11.2.16

Urgência geracional.

          Já é fevereiro e eu pouco escrevo. Ou pouco posto. Eu não lembro dos motivos, encontro desculpas em formas de vida. (Sempre) em novos olhos, o mundo, eu ainda busco amadurecer sozinho? Que decisão abobalhada. Segue em sua direção e corre então, peixe.
         Não gosto de protagonizar meus dramas sem importância e tão mesquinhos (todo mundo já ouviu demais sobre o homem branco "sentimental"). A vida é tanto mais que isso. No lado de dentro que vivi(vivo?) a tanto tempo,  constantemente sinto que Não Sei. E todo mundo é tão melhor, todo mundo é tão bacana -mas também sem exageros.
          Saudosismo por veneno não terei. E em outros sentidos, continuo tendo. Mas meu sapato esgota a sola em menos de um semestre e eu acho é pouco! Toda vontade que há no mundo é nossa. Chegaremos, olhos fechados, destruiremos tudo que houver pela nossa frente enquanto no fundo o barulho dos tambores será ensurdecedor.
          Mas ainda segue a próprio sombra sem perceber e finge emoções que muitas vezes não sente. "Eu não vou destruir mais nada", disse Ralph. Tudo que vocês me deram eu sou também. Só rodeado de gente que se resolve.
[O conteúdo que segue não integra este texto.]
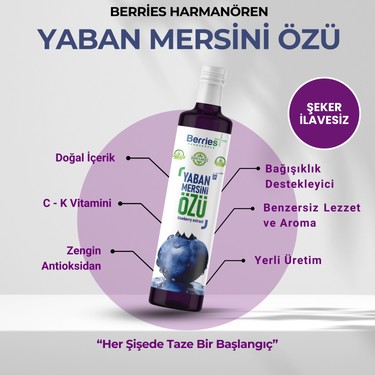..*・Berry.゜・*.゜❤︎.* Berrie's Yaban Mersini Özü 700 gr Fiyatı - Taksit Seçenekleri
Gente que me lembre, eu quero estar pertinho, pertinho.

           Escrevo tudo de novo, cansado, pensando em você, na rotina que nos afasta.
 De repente eu vejo todos aqueles momentos que fariam qualquer um sentir aquela inveja boa. Aquela pena. Felicidade, família. Ela dura. Então eu entendo, sem sentir que é tarde demais, por sorte e por aviso. Vamos sentar juntos, fumar um baseado e escutar de Muddy Walters a Josh Homme. Eu garanto que você não está sozinho.